#### EXERCISE GOAL
In the entries below, which lines run from the one with "Home2Book Rural House" through the one with "Bed and Breakfast"? Repeat exactly those, both included, and no pictures.

#### PROVIDED ENTRIES
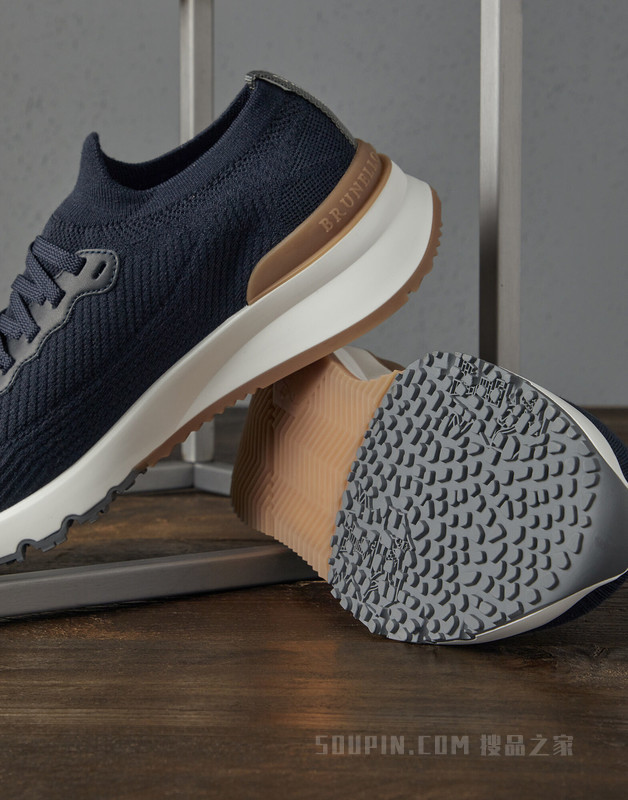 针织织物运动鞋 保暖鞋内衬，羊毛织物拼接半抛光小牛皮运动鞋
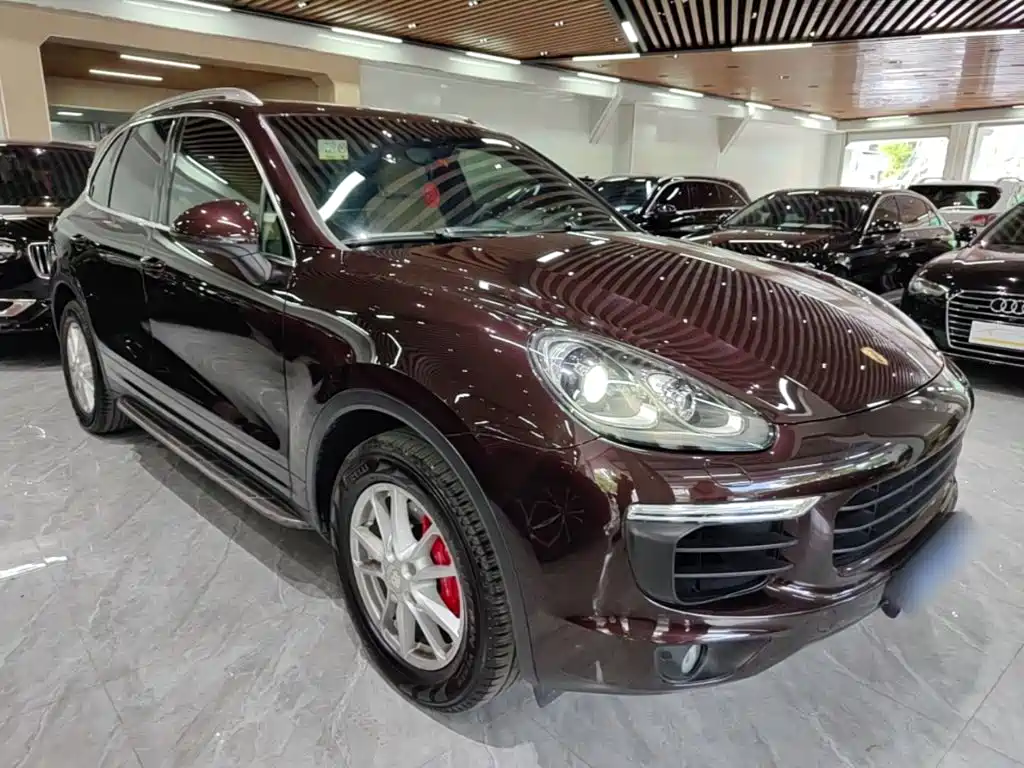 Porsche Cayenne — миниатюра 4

==

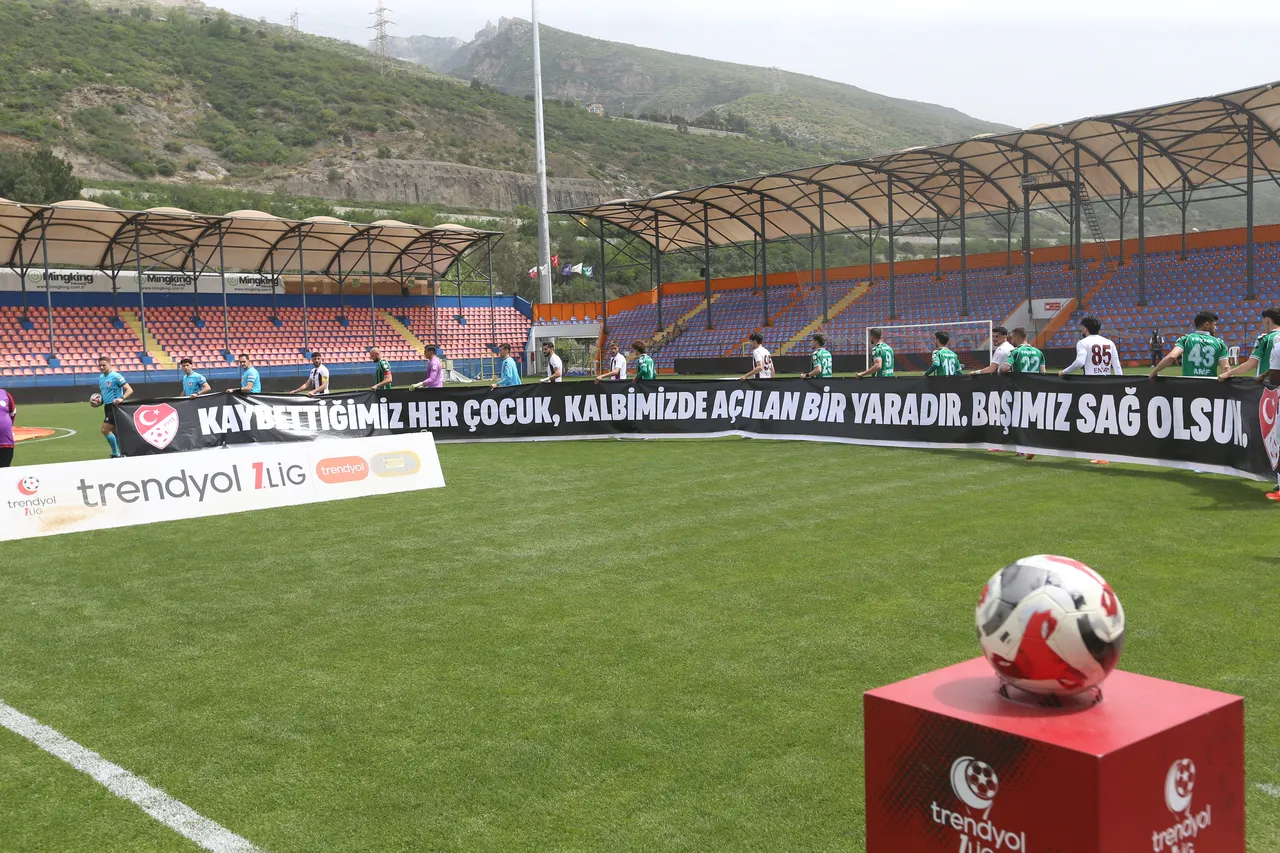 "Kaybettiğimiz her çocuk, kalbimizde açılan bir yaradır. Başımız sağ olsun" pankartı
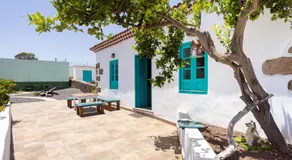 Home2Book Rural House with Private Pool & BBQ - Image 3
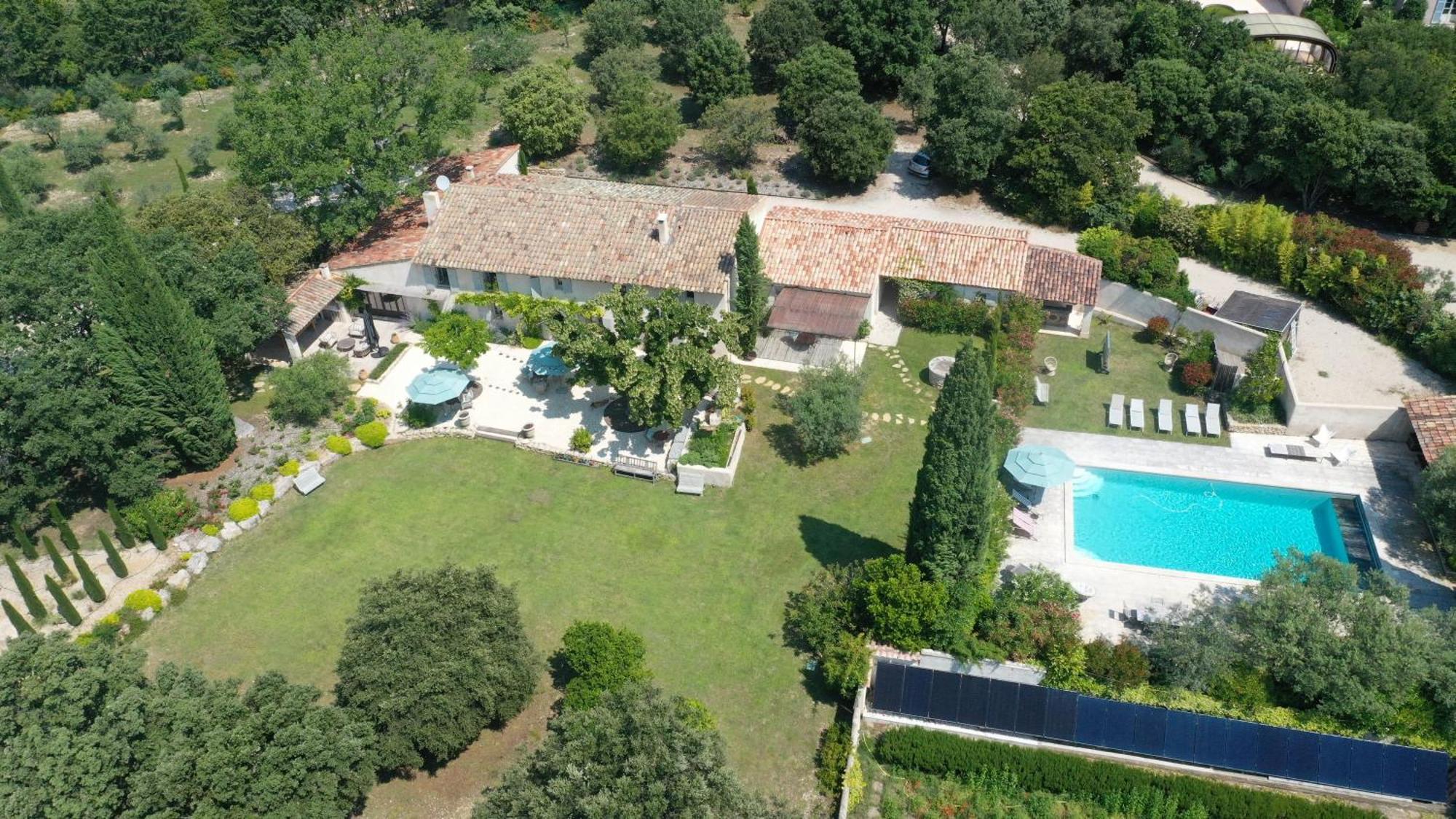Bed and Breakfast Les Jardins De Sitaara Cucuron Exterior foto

#### TASK OUTPUT
 Home2Book Rural House with Private Pool & BBQ - Image 3
Bed and Breakfast Les Jardins De Sitaara Cucuron Exterior foto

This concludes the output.